At a loss for finding ‘something blue’, Sarah painted one of her blush pink toenails blue, and PJ did the same on her ring fingernail.
“Not every queer couple gets married with the support of their families, but each of us was blessed to have walked down the aisle on our father’s arm.
I consciously reclaimed the symbolism of that gesture - for me, it wasn’t about Dad giving me away, but Dad accompanying me on the last stage of a long journey toward my beloved.”
On a different note, Sarah admits in hindsight she could have done without the first dance. “I have no natural rhythm and trying to maintain a coherent two-step in front of the whole room for the entirety of The Postal Service’s ‘Such Great Heights’ just killed me.”
It turns out PJ edited this track down significantly for Sarah, but “it still felt way too long.”
Any remaining nerves (and sore heads) were soothed the following day at the post-wedding brunch at Sarah’s parents place, which was almost bigger than the actual celebration. Uncles manned the BBQ all morning, coffee flowed freely and they served buttery croissants imported from France - an absolute extravagance that nobody regretted.
The wedding cost the couple a little over $24,000, which they paid for mostly upfront themselves, with a little help from both sides of the family. Sharing some good advice on how to not blow the budget, Sarah and PJ sat down very early on and identified the core elements which were most important to them - food and apparel for Sarah; and music and design for PJ. Then they tried to eliminate as much spend as they could from everything else.
“We didn’t do keepsake gifts for guests and nobody cared. We could have definitely got away without a cake but I wanted to bake one for the sake of the technical challenge. Plume served it late in the evening after the dancing had been going for a while, and everyone devoured it like hyenas.”
Sarah also saved on making most of the floral arrangements herself, with help from PJ’s mum Nicky. “I collected lots of dried bits and pieces for the boutonnieres and table bouquets over the weeks leading up to the wedding. The bunny tails grow wild around Pataua North, where my family’s beach house is, and they reminded me of all the happy summers we’ve had there. Doing all eight of them took me like half an hour with a hot glue gun, and we were quoted $40 each for the little suckers.
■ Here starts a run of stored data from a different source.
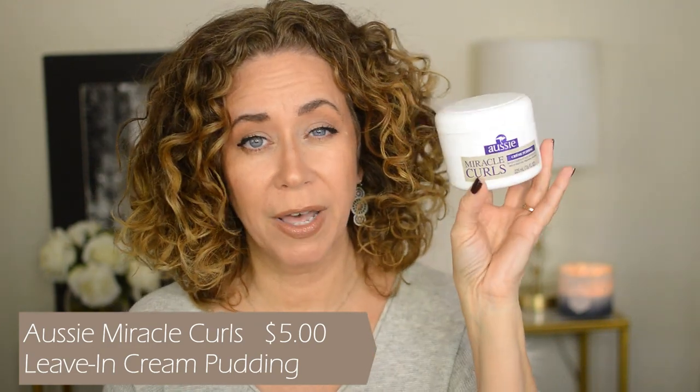Last but not least, I loved the Aussie Miracle Curls Cream Pudding — this was around five dollars. Another product you just can't go wrong with at that price point. The smell from Aussie is one I absolutely love. I did do a review last week of an Aussie Miracle Curls product — the tame frizzing cream — but it just didn't work for me, I think because of my hair type. The pudding, though, was lovely. The other cream was more greasy and not for my hair, but this pudding I love. Five bucks — can't go wrong.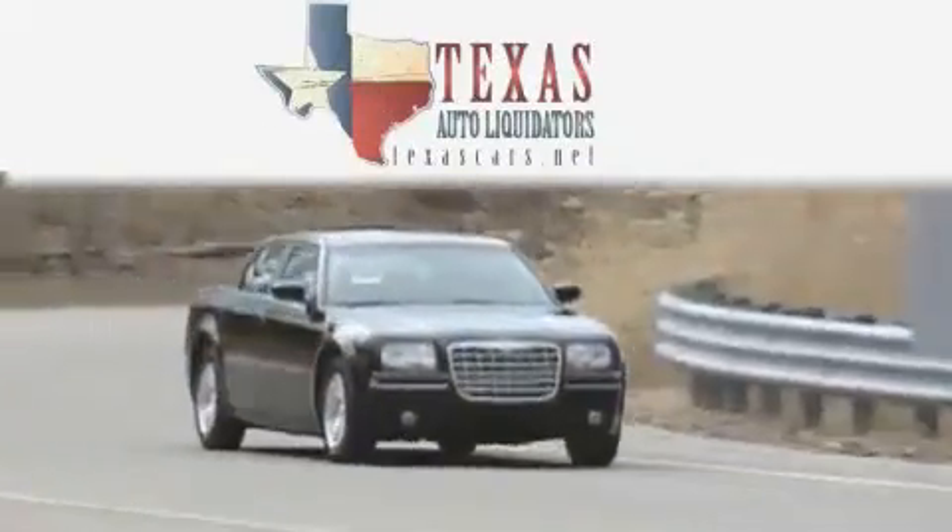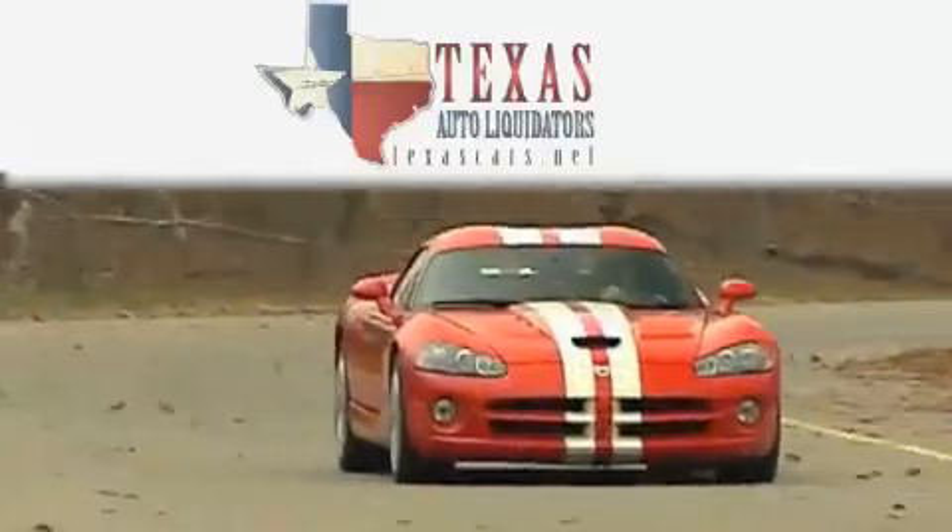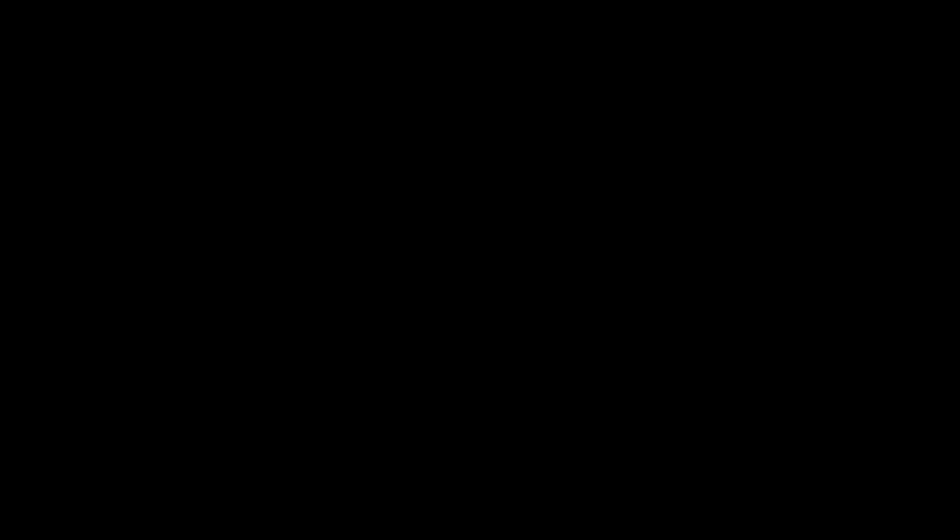Another fine vehicle offered by Texas Auto Liquidators. This is a 2005 Volkswagen Jetta.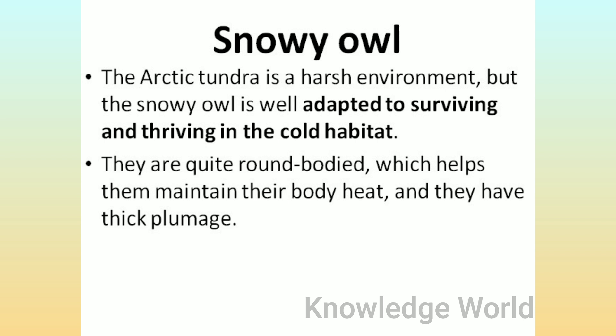Snowy Owl: The Arctic tundra is a harsh environment, but the snowy owl is well adapted to surviving and thriving in the cold habitat. They are quite round-bodied, which helps them maintain their body heat, and they have thick plumage.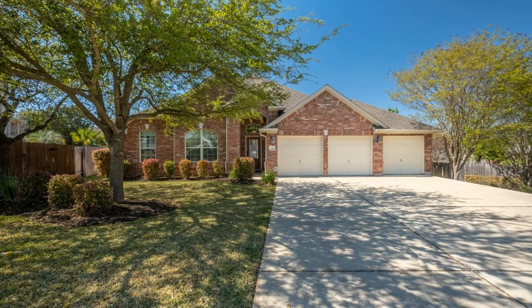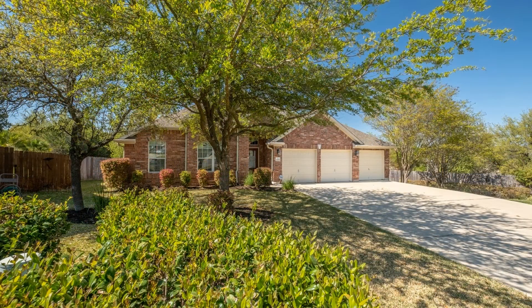This is an amazing home with greenbelt views in Round Rock. This property has four bedrooms, two bathrooms, and is sitting on a cul-de-sac lot.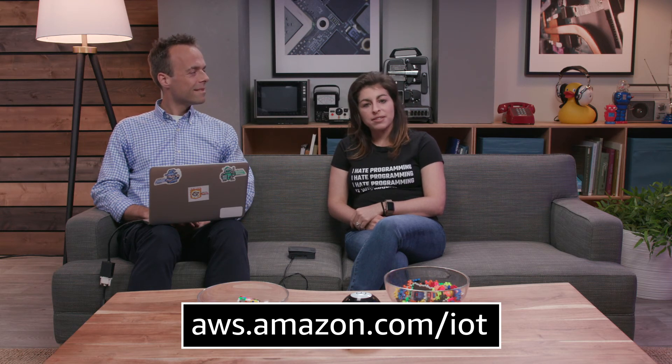That makes it super easy. So how can our customers get started? Basically, they need a thing. They should go to aws.amazon.com/IoT to get started with AWS and IoT. Thanks so much for joining us today.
They turned out fine.”
“I think it's fantastic that having a big messy wedding isn't compulsory anymore, but during these plague years it felt very important to show all our friends and family how much we love them (and each other!). We had the best time ever at ours.”
Sarah’s message for queer couples:
“Perhaps this is obvious to everyone else, but when you’re a married queer person, you’re really a long way out of the closet. Extremely out.
Referring to your wife or husband is a brilliant way to casually and unequivocally out yourself in formal situations if that’s what’s called for (check Past Me explaining for the thousandth time that I mean girlfriend as in partner, not as in same-sex buddy or chum); but it also means there’s many situations where you can’t fly under the radar as easily.
Seriously consider if you’re ready for this level of queer visibility well before discussing wedding plans.”